[Input data — start]

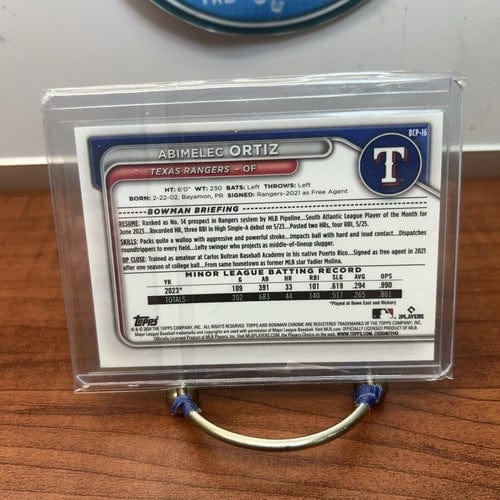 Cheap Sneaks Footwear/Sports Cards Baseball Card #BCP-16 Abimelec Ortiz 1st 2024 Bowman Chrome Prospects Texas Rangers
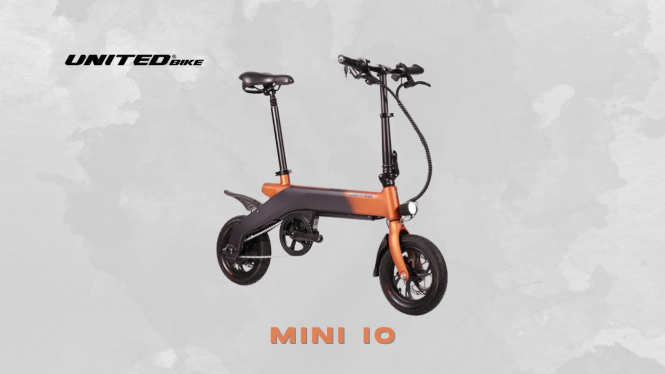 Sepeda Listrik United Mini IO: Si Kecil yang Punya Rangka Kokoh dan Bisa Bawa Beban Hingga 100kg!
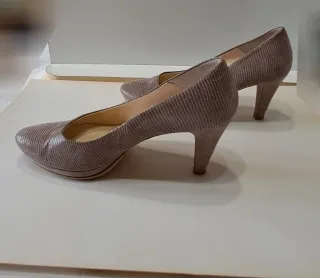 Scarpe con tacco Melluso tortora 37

[Input data — finish]

#### [Task item]
Write the listing above out again word for word, excluding all images.

#### [Exercise output]
 Cheap Sneaks Footwear/Sports Cards Baseball Card #BCP-16 Abimelec Ortiz 1st 2024 Bowman Chrome Prospects Texas Rangers
 Sepeda Listrik United Mini IO: Si Kecil yang Punya Rangka Kokoh dan Bisa Bawa Beban Hingga 100kg!
 Scarpe con tacco Melluso tortora 37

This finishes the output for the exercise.